ALLIANCE'S WORLD OF SEALS
YOUR SEALS SPECIALIST
What is an oil seal?
Seals are essential to protecting the bearings of any rotating shaft assembly -They prevent contaminants such as dirt, dust and water, while also preserving the system’s lubricant.
Choosing the right oil seal
Oil seals come in many different types and materials depending on their application. Determining the material is vital to ensuring your equipment is operating at its best performance. For example, your equipment may need to run at higher temperature applications, such as an engine seal for a jet engine, you may need to choose a specific material for your oil seals to run properly.
Materials for Oil Seal
NBR is recommended for the majority of standard applications and is the most commonly used rubber (elastomer) material, due to its compatibility with most environments as well as its relatively low cost. Generally nitrile is used for disposable non-latex gloves, footwear, automotive transmission belts, synthetic leather, hoses, o-rings, gaskets, oil seals, and more.

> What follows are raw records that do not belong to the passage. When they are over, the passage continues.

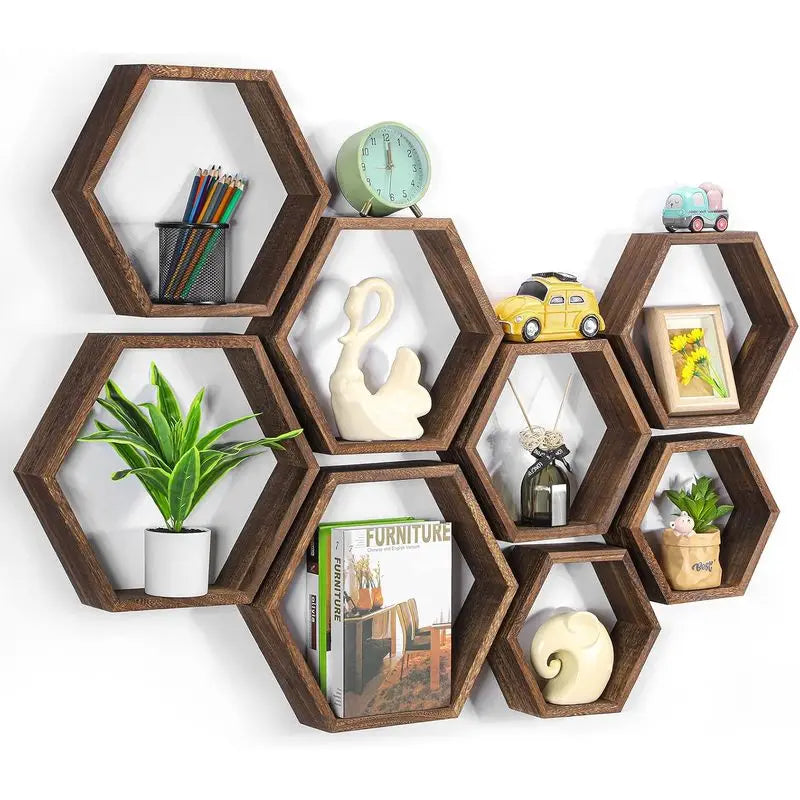 A set of four hexagonal wooden floating shelves displaying various small items like pencils, a toy car, and potted plants.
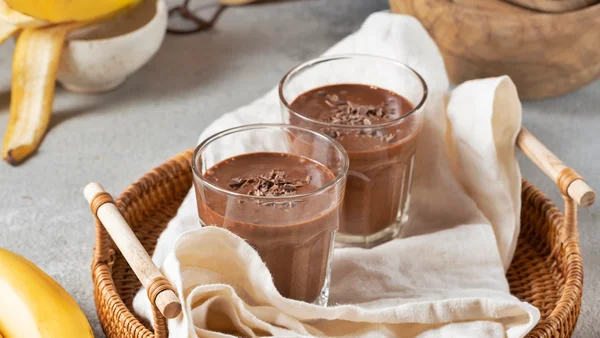 Foto colorida de milk shake de cacau com bananas ao lado
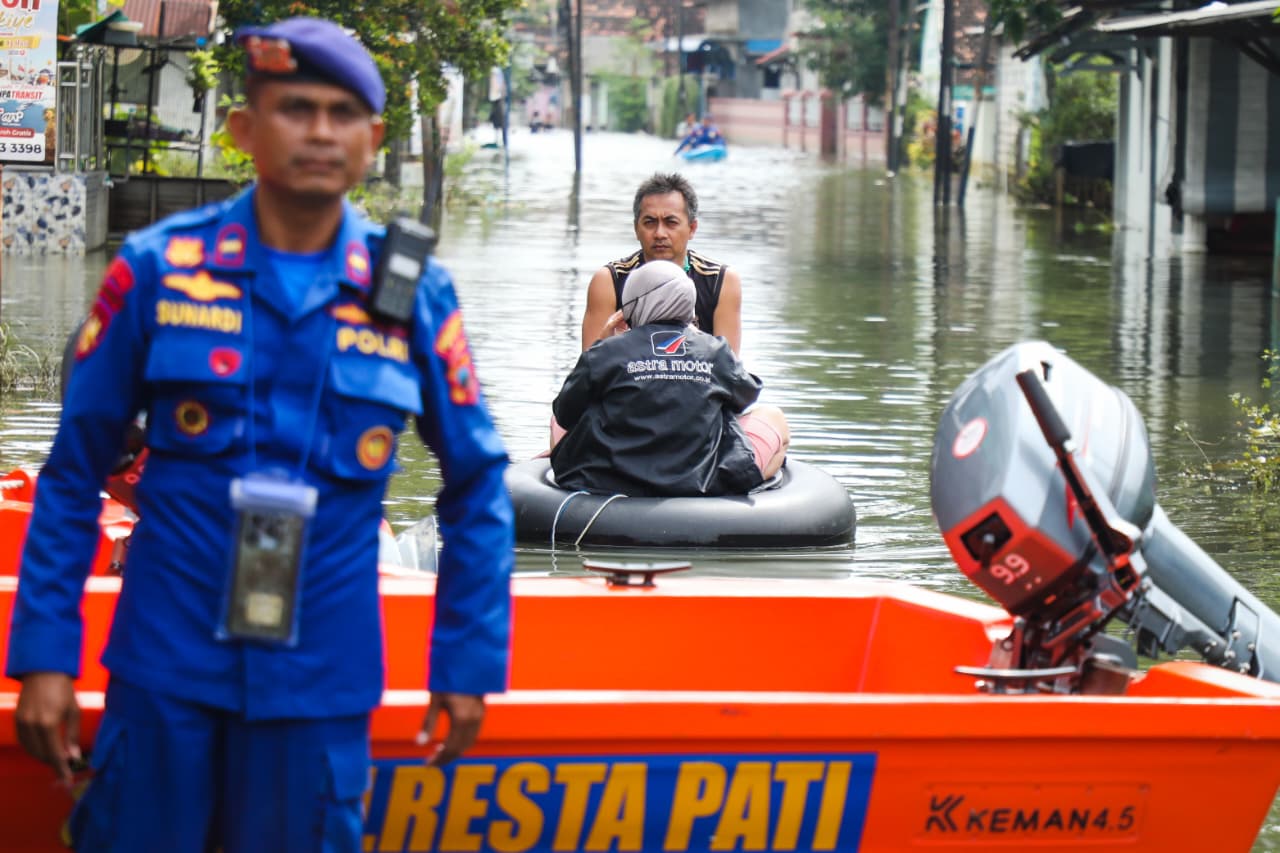 BERJUANG: Terlihat pengungsi menolong keluarganya dari banjir Pati.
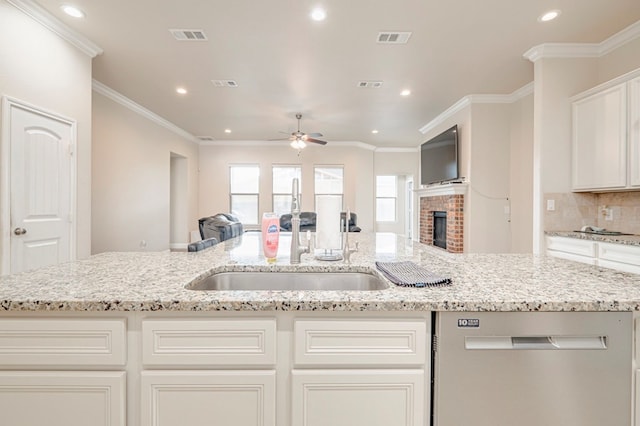 kitchen with ceiling fan, a brick fireplace, dishwasher, ornamental molding, and light stone counters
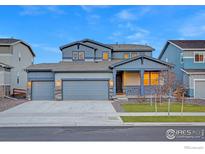 Two-story home with attached garage and landscaped front yard at 1860 Miranda Rd, Erie, CO 80516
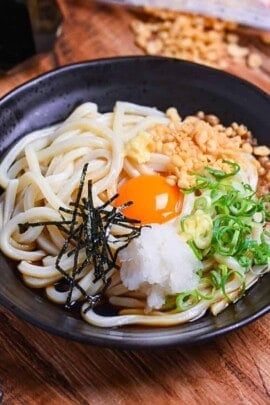 lifting mixed bukkake udon with black chopsticks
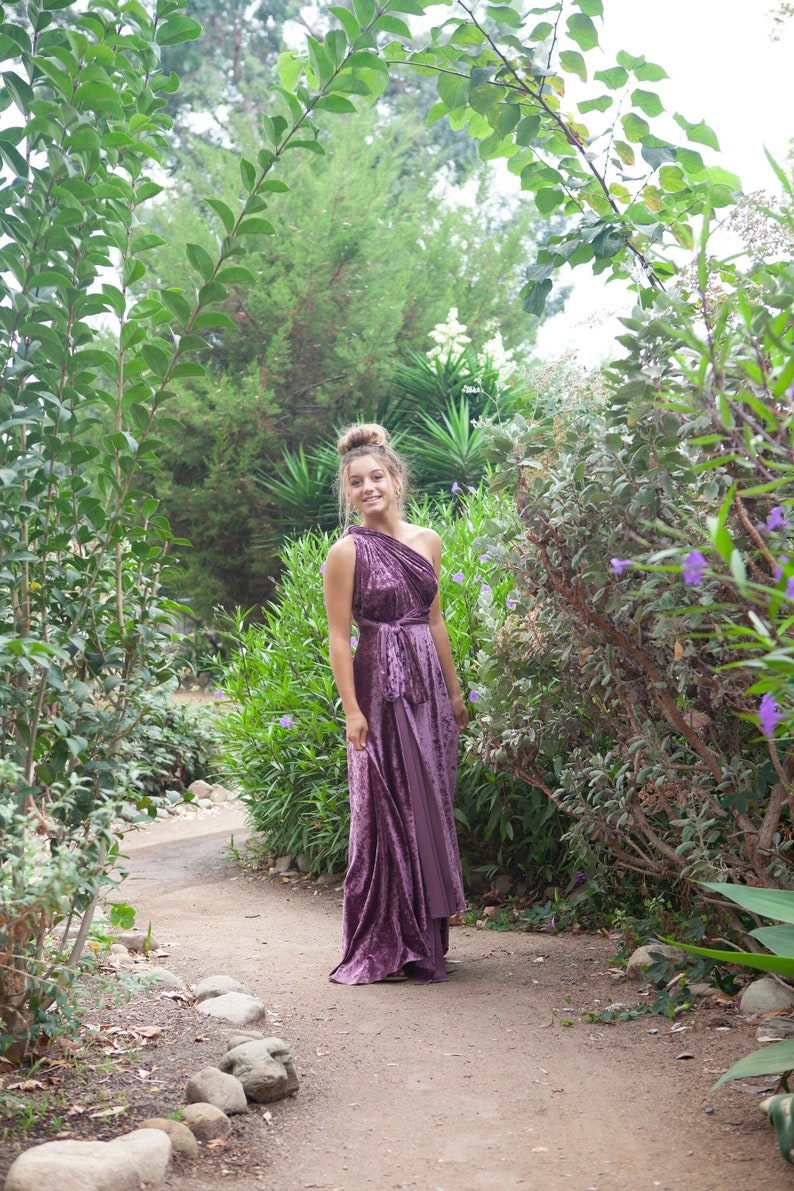 A woman wearing a one-shoulder, purple velvet maxi dress with a cinched waist and a flowing skirt.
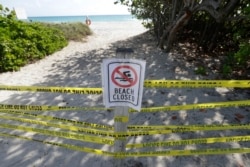 Pengumuman dilarang masuk tampan di pantai Surfside, Florida, Sabtu, 21 Maret 2020. (Foto: AP)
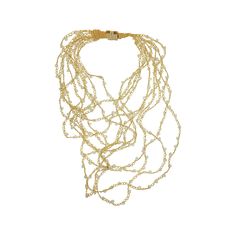 This hand-crocheted layered necklace were fabricated by skilled Brazilian artisans. They are shiny wire crochet earrings and they create a statement look without weight or bulk! Necklace secures through magnetic clasp Length approx. 28″ inches Hand Crocheted 18 Karat Gold Filled Made in Brazil Velvet Bag Included One Year Warranty They are very comfortable to wear, light and can be worn in every occasion: day-to-night and casual-to-special. The sparkling beads and colors are supplemental to the Gold Multi-strand Bridal Necklace, Elegant Multi-strand Chain Necklace With Gold Beads, Delicate Gold Jewelry With Gold Beads, Bohemian Handmade Gold Bridal Necklace, Multi-strand Gold Beads Jewelry Gift, Handmade Multi-strand Wedding Jewelry, Handmade Gold Double Strand Necklace, Gold Double Strand Handmade Necklace, Gold Handmade Double Strand Necklace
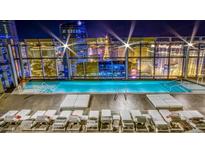 Luxury rooftop pool and lounge area with city views at 3722 Las Vegas Blvd # 809, Las Vegas, NV 89158
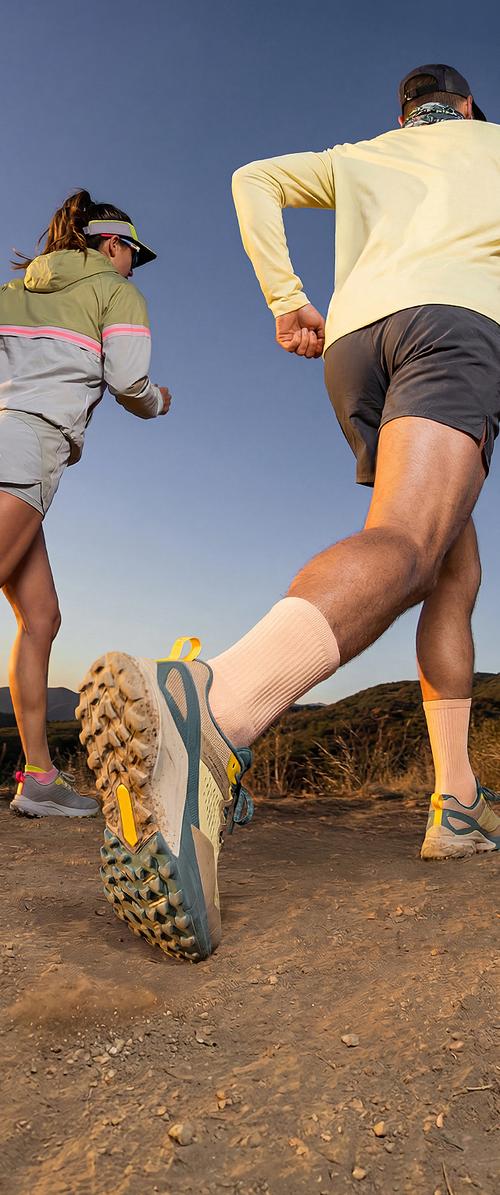 Zwei Personen laufen auf einem Naturpfad, tragen Sportbekleidung und Trailrunning-Schuhe unter klarem Himmel beim Sonnenuntergang.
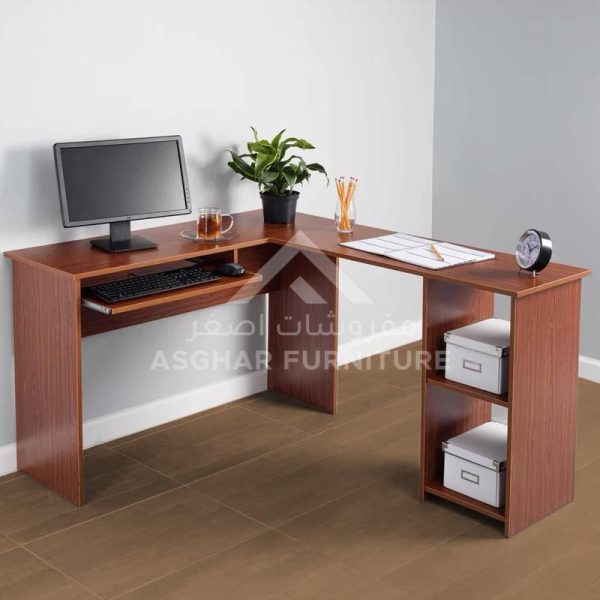 A wooden L-shaped computer desk with a monitor, keyboard tray, and open shelving on one side.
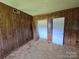 Bedroom featuring paneled walls, carpet, and two entry doors at 1074 25Th Ne St, Hickory, NC 28601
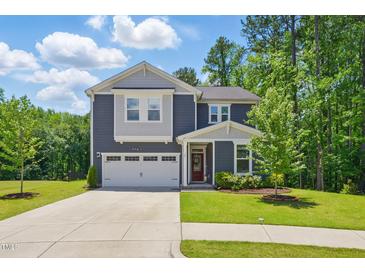 Charming two-story home features a well-manicured lawn and an attached two-car garage at 187 Harpers Landing Rd, Garner, NC 27529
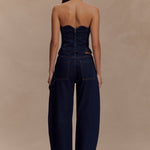 Rear view of woman wearing dark denim strapless corset top with zipper closure and matching wide-leg jeans — Meshki | Endless UAE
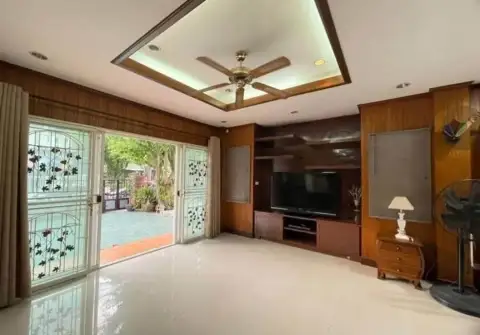 5 Bedroom House for Rent in Na Kluea living room with wood paneling, ceiling fan, and TV entertainment unit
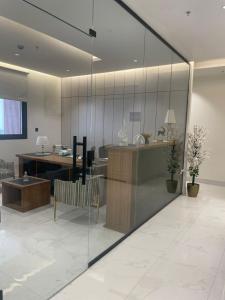 een kantoor met glazen wanden en een bureau en een stoel bij أركان نموذجية in Riyad +9 foto's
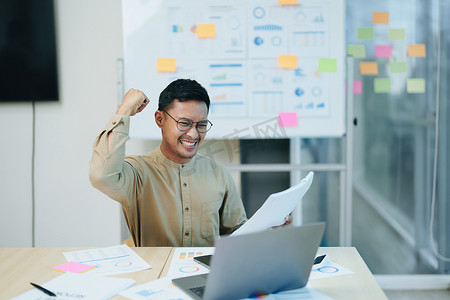 一位男性企业主在工作中使用计算机和财务预算文件成功投资自己的企业时露出幸福的笑脸的肖像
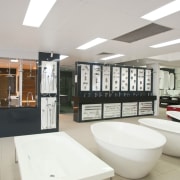 shop floor showing range of bathtubs, different angle interior design, gray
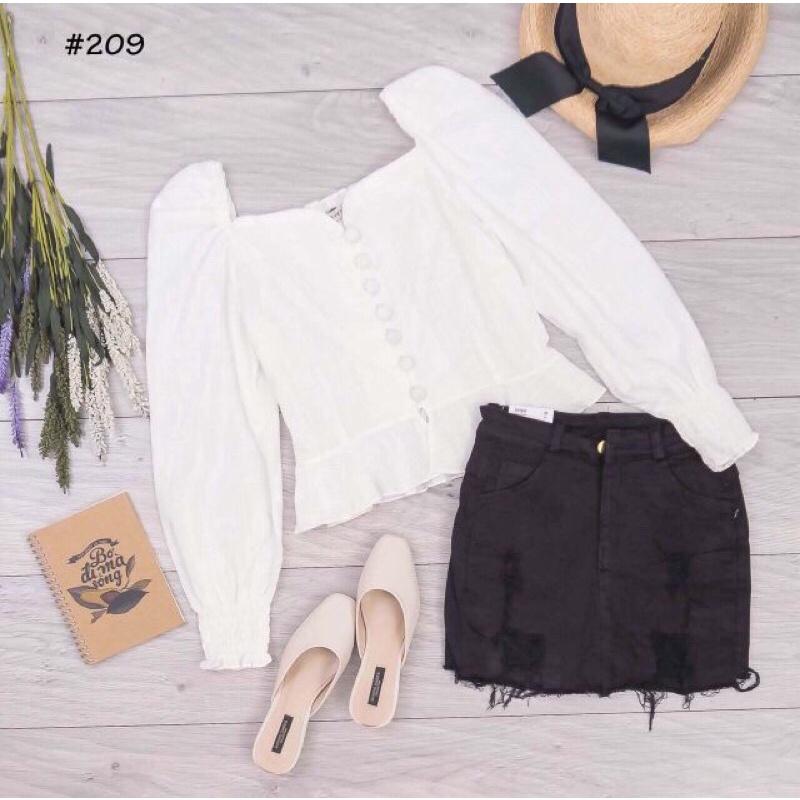 Áo nút bọc peplum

The temperature range of nitrile is −35° to 120 °C (−30° to 250 °F). Due to this wide range, NBR seals can be used for gas oil, silicone oil, animal/vegetable oils and fat, hydraulic liquid as well as hot and cold water. In addition, NBR is oil resistant and has an excellent abrasion resistance, so for any application that demands shock absorbers, NBR is a perfect choice to go with.
Some disadvantages of NBR are poor ozone, sunlight and weather resistance as well as limited high temperature and flame resistance. For higher temperature resistance, a much better material to use is Silicone.
Silicone compounds or “VMQ” offers a wide range of traditional operating temperatures starting at -60°C to 200°C (-140°F to 392°F).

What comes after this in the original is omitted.